DATA EXTRACTS:
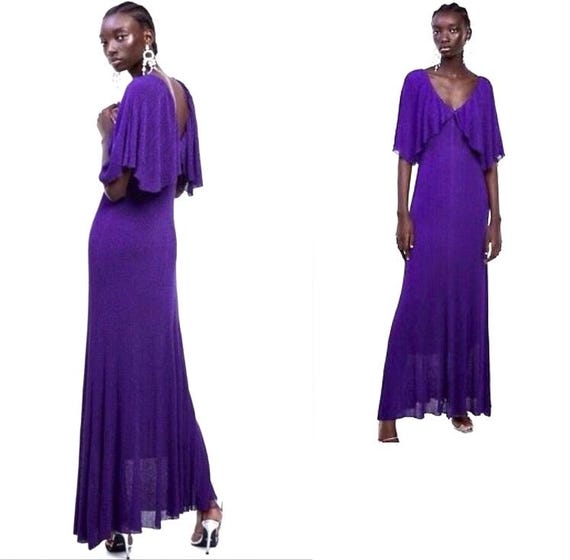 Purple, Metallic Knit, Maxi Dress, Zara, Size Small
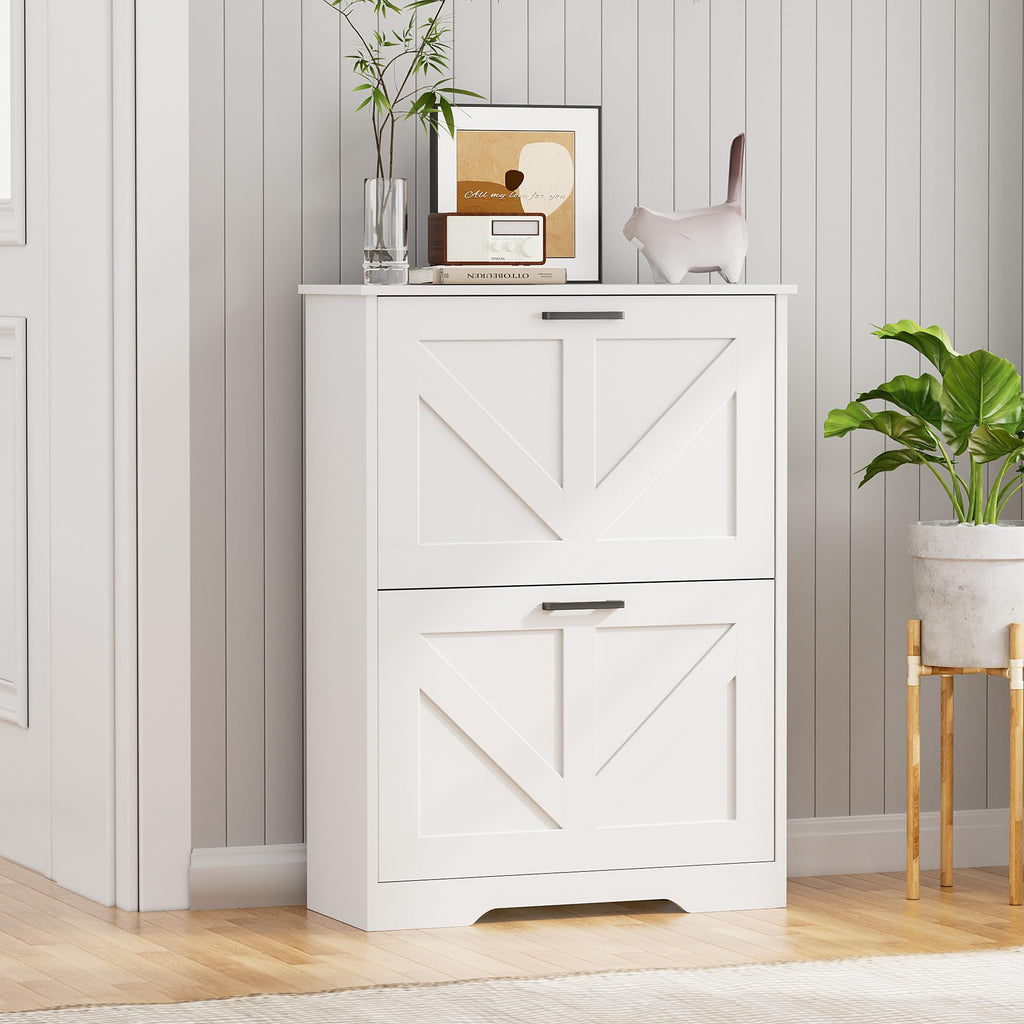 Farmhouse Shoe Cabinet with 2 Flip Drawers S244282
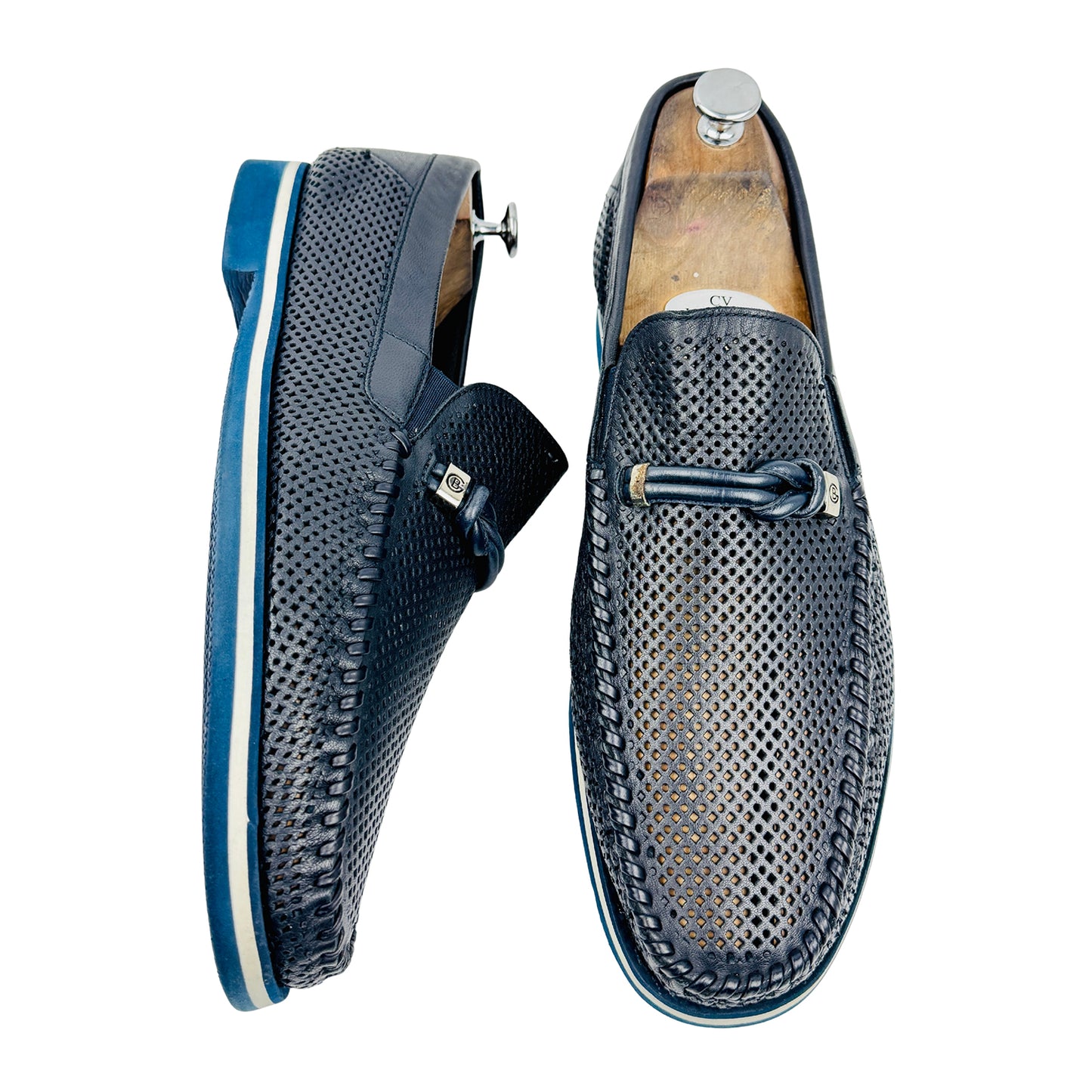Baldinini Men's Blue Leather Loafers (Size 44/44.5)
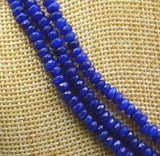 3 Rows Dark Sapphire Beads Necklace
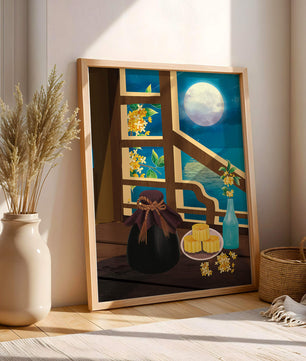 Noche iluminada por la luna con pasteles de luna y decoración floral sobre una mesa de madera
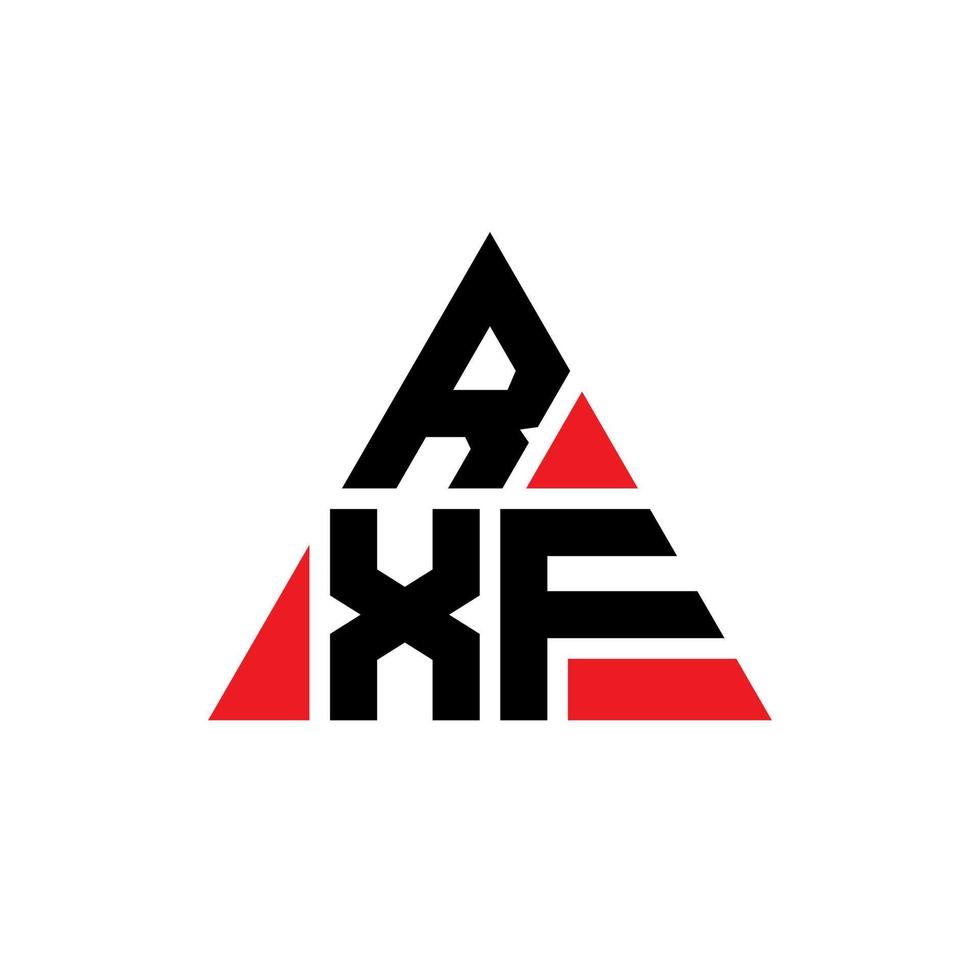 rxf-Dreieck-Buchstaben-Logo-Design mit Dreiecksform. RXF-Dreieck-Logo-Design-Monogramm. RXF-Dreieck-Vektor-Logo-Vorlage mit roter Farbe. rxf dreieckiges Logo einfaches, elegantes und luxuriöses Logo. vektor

* * *

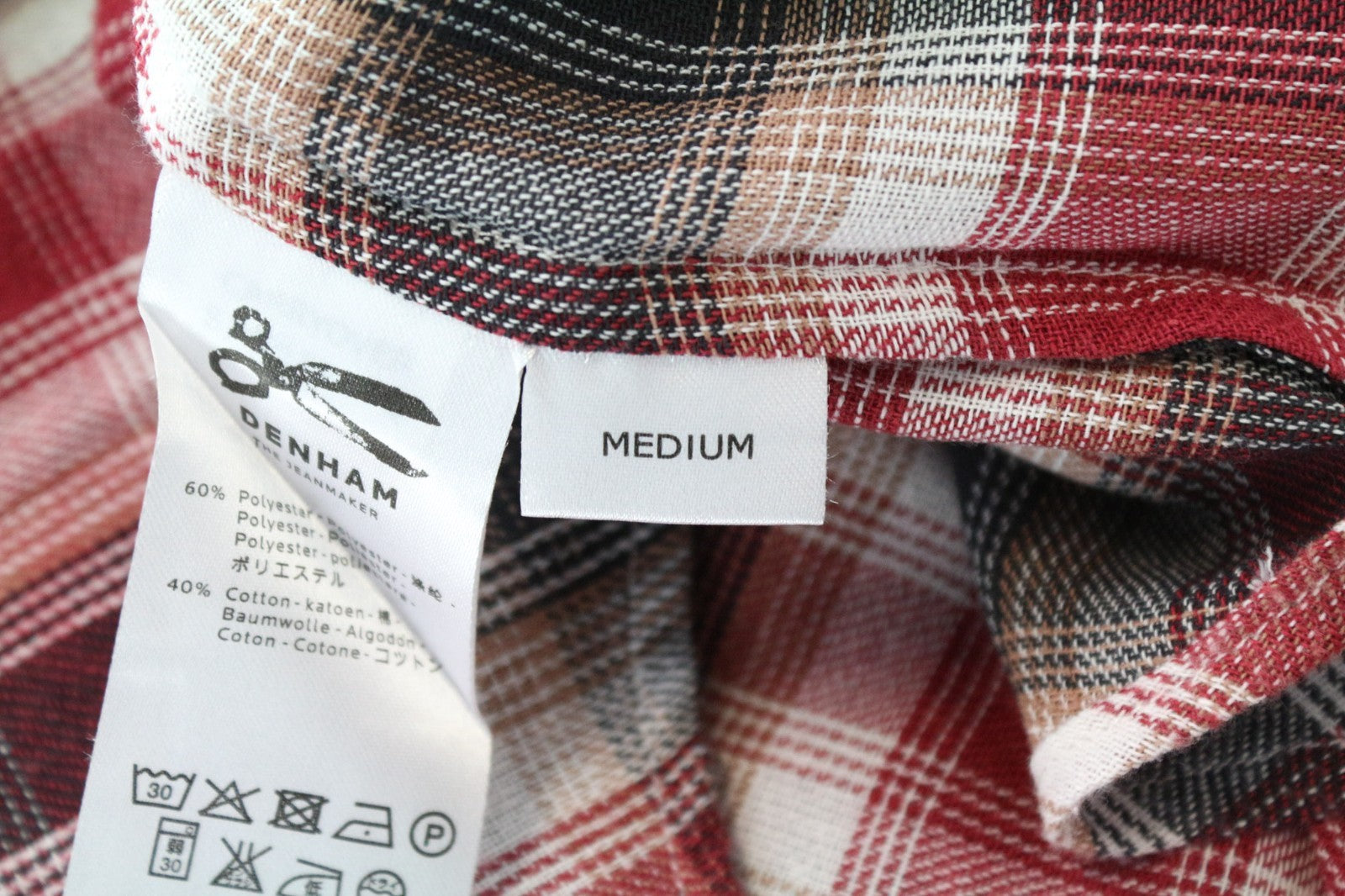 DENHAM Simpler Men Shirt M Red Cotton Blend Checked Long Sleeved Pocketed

ASSIGNED TASK:
For this task, return exactly the stretch of the listing above from the line with "Baldinini Men's Blue" through the line with "rxf-Dreieck-Buchstaben-Logo-Design mit Dreiecksform.", inclusive and without pictures.

OUTPUT OF THE EXERCISE:
Baldinini Men's Blue Leather Loafers (Size 44/44.5)
 3 Rows Dark Sapphire Beads Necklace
 Noche iluminada por la luna con pasteles de luna y decoración floral sobre una mesa de madera
 rxf-Dreieck-Buchstaben-Logo-Design mit Dreiecksform. RXF-Dreieck-Logo-Design-Monogramm. RXF-Dreieck-Vektor-Logo-Vorlage mit roter Farbe. rxf dreieckiges Logo einfaches, elegantes und luxuriöses Logo. vektor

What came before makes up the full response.